When Mr Langton commenced work in 2003 he received a summary of benefits which included a “Group Income Protection Scheme”. This would be triggered after 13 weeks of incapacity at which point he would get 75% of his wages. There was also reference to this being subject to 5% increments each year backed by an insurance scheme. Mr Langton was signed off sick from 2009. After the business transferred in 2015 he realised that he had not been receiving any increments and brought a claim. The employer disputed liability on the grounds the insurance policy changed in 2008.

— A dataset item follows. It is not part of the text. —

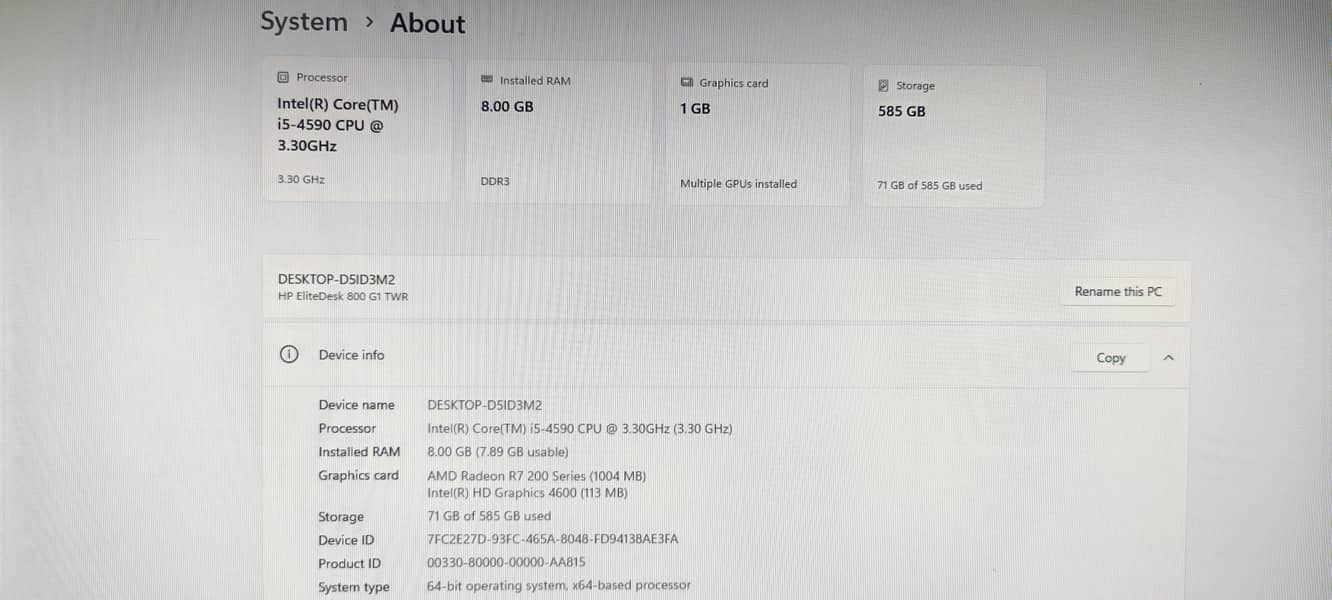Hp Core i5 4th generation 2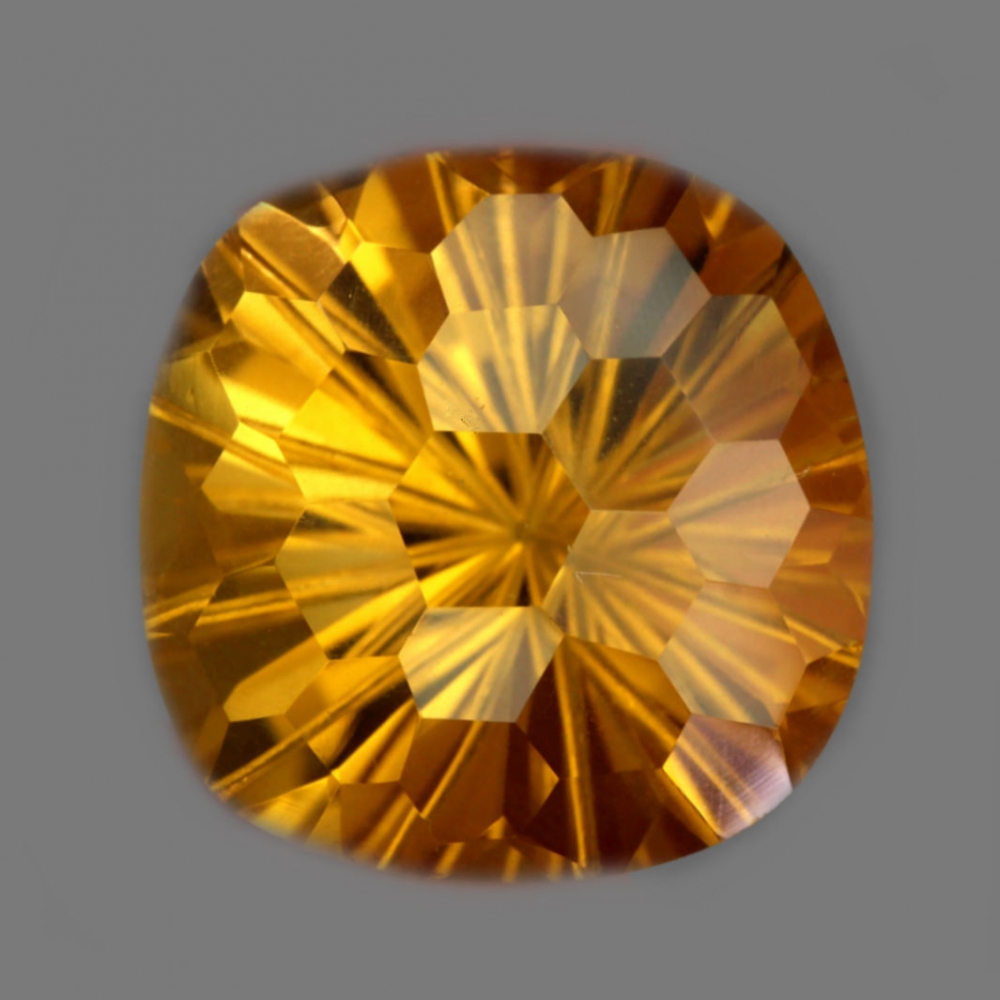 Bild 1 von 19.15 ct. VVS! Nice 17 x 17 mm Brazil Cushion Citrine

It was held that Mr Langton was contractually entitled to the annual increases in payments and that there had been a continuing unlawful deduction from wages. The wording in the summary of benefits was clear regarding the entitlement. The argument that the correct construction of the documentation was that its obligation was limited to the amount in respect of which was covered by the insurance was rejected. Even if there were references to the existence of this being insurance backed this did not have the effect that the employer’s obligation was limited to the extent of that cover 

Key takeaway points

The decision is an important reminder that if the payment of sickness benefits is to be linked to an insurance backed scheme it is essential that it is expressly referred to as being subject to any changes to the insurance policy and conditional on the payments being received from the insurer.  As this case shows in the absence of any express provision the courts are unlikely to imply a limitation and the cost will need to be met by the employer even if this was clearly not their intention.